START Source data
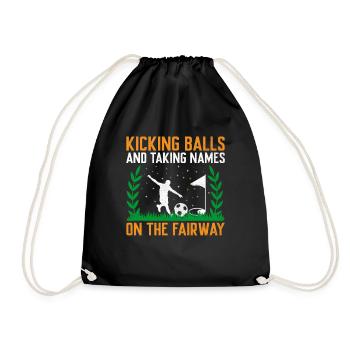 Footgolf Player Foot Golf Playing Footgolfers Foot - Drawstring Bag - black - Front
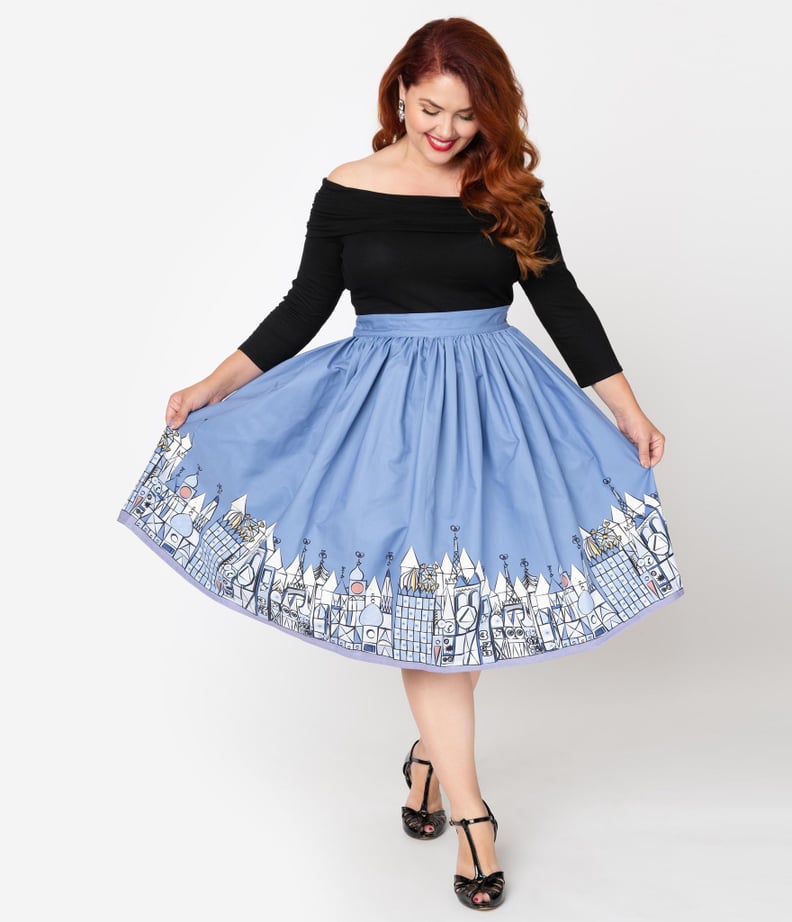 Unique Vintage Plus Size Little City Print High Waist Circle Swing Skirt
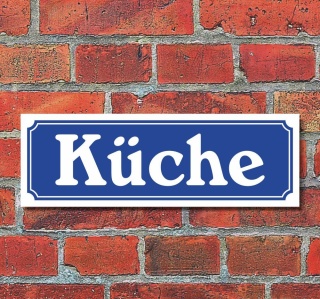 Schild im Straßenschild-Design "Küche" 30 x10 cm Alu-Verbund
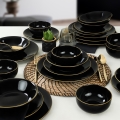 Set da tavola 24 pezzi nero/oro/gres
END Source data
Task instructions: Set down the complete material exactly, but do not include the images.

Problem solution:
 Footgolf Player Foot Golf Playing Footgolfers Foot - Drawstring Bag - black - Front
 Unique Vintage Plus Size Little City Print High Waist Circle Swing Skirt
 Schild im Straßenschild-Design "Küche" 30 x10 cm Alu-Verbund
 Set da tavola 24 pezzi nero/oro/gres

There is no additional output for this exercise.